Lessons in (modest) fashion
Churchgoers walk the runway to show that cute doesn’t have to mean sexy
By Ron Knox
Thursday, May 4, 2006

The models here certainly walked the model walk — strolling down the runway, sashaying, turning their gaze side to side.
But at the Church of Jesus Christ of Latter-day Saints, 3655 W. 10th St., there was not an inch of shoulder flesh, not a hint of thigh.
Here, modesty was the rule.
“It’s helping the girls to be proud to be modest,” Kristie Hansen said, “to realize there’s beauty in modesty.”
Hansen and fellow church leaders put together the Modest Fashion Show at the church Wednesday night, hoping to spur interest in being fashionable without succumbing to the urge to wear what they described as “indecent” clothes.
Halter tops. Midriffs.
Anything that showed more than a girl’s arms and neck.
The whole idea was the brainchild of Michelle Hague, a Young Woman Leader at the Mormon church. To her, it isn’t about young women having a choice while hitting the racks at department stores.
While similar movements around the country have pressured big chain stores to sell less revealing clothing for social reasons — to promote healthy body types, mainly — that wasn’t the point for Hague.
To her, its about doing right religiously.
“We believe their bodies are gifts from God,” Hague said backstage.
Gifts, she said, that should not be on display for everyone to see. Sure, church rules dictate so, but for Hague it’s also about the way the girls may appear to guys.
“They’re giving the idea to the world that they’re that kind of girl,” Hague said.

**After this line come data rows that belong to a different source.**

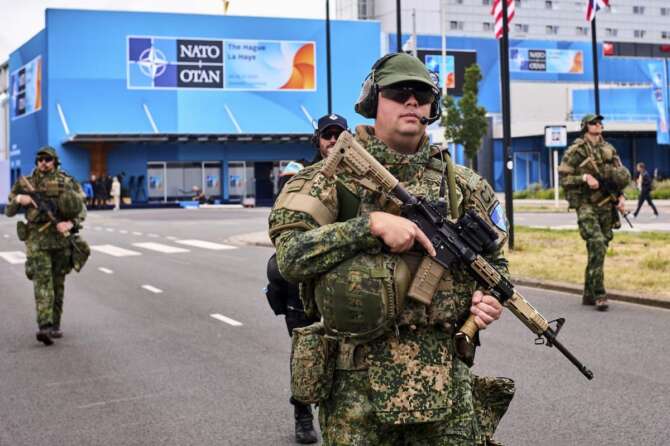 Nato, a L’Aia il vertice per portare la spesa militare al 5% del Pil: l’Italia si accoda a Trump, scontro Spagna-Rutte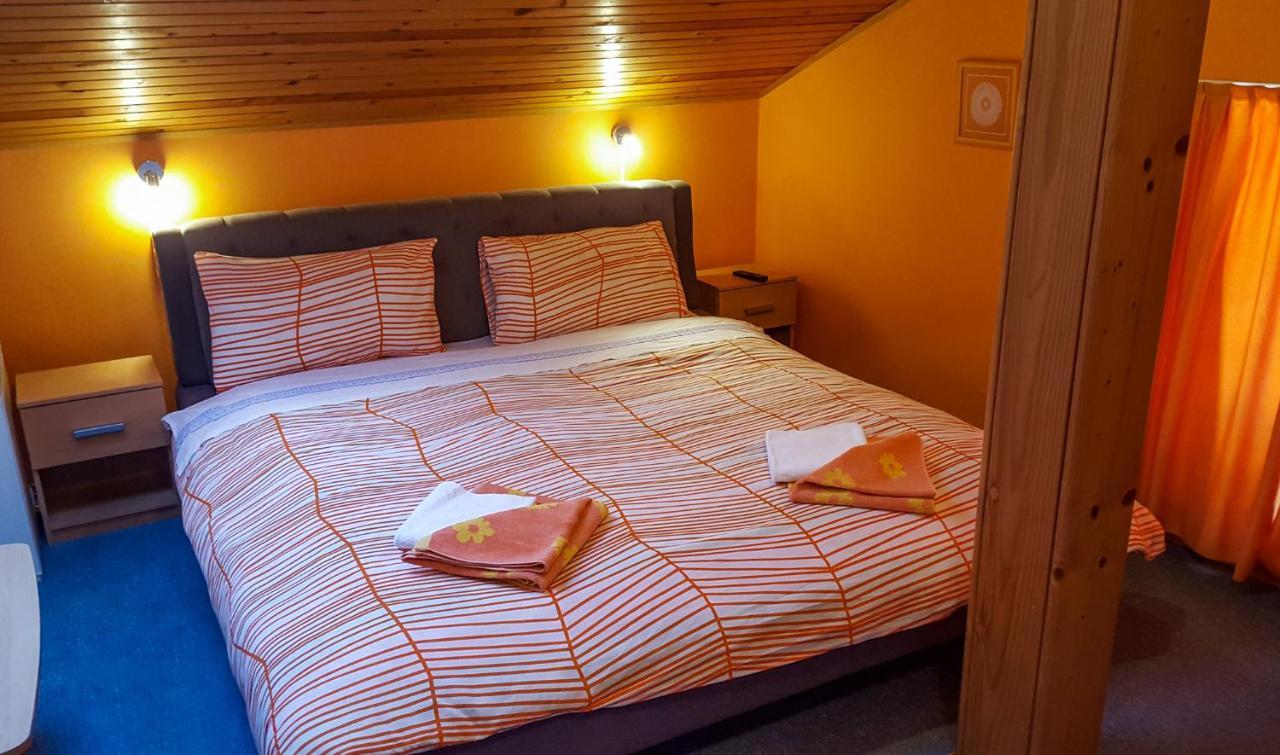 Rooms With Shared Kitchen Zver, Great For Hikers Hudajuzna Exterior foto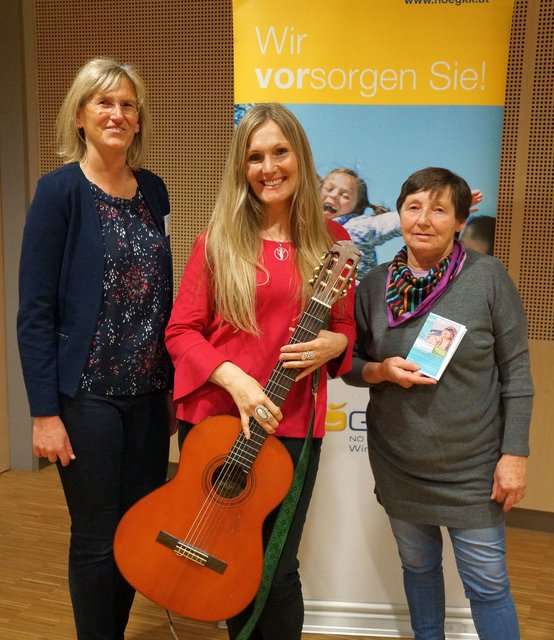 v.l.n.r.: Christine Hajek (NÖGKK), DSA Eveline Skarek und Monika Obermüller (Teilnehmerin)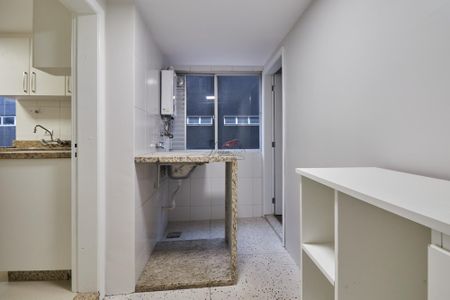 6_photo/94dce41c45.37bcf17ed1f0775c-ATLAS-8839aaa8-e60c-4a37-9181-dac6a38d7095.jpg de apartamento para alugar com 3 quartos, 114m² em Centro Cívico, Curitiba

That kind of girl? Isn’t that the guy’s problem?
Sure, Hague said, but the guys are part of the equation as well. To help keep boys in the church complacent, the girls need to hide the flesh, rather than keep it out for everyone to see.
So in the small gymnasium inside the church halls, junior high and high school girls stepped out on the runway wearing clothes that revealed little in the way of flesh.

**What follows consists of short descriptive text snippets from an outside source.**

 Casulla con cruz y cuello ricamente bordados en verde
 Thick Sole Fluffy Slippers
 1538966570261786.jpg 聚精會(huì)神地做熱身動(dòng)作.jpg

Which is to say, they wore what many would wear on a stroll down Massachusetts Street — save for some late-night revelers. The majority of the girls wore hoodies and capri khakis, jeans and sandals.
All of this at the direction of church leaders. But the girls, for the most part, seemed to agree with the philosophy that modest meant better.
Liz Beisner, an 18-year-old, hit the modest runway wearing a typical outfit: a pair of jeans, a hooded T-shirt, moccasins.
“We’re just trying to show girls that there are cute things that are modest,” Beisner said.
To her, modest clothing equates to a religious belief. For others, it may be because of body insecurity, a rejection of physical stereotypes, a cold breeze, whatever.
She knows girls are going to wear what they want, she said. But the point is to offer a less revealing choice in clothing, and have girls still feel attractive while wearing them.
Walking along Massachusetts Street with some buddies earlier Wednesday, Alex Swanson, a 15-year-old student at Central Junior High School, said she felt about the same way.
Swanson said that everyone has different tastes in clothes for whatever reasons. She could appreciate that.
“I’d rather have options,” Swanson said.
Swanson’s friend, Akina Kashiwaya, agreed.
“That way,” she said, “you won’t be limited to what people expect either way.”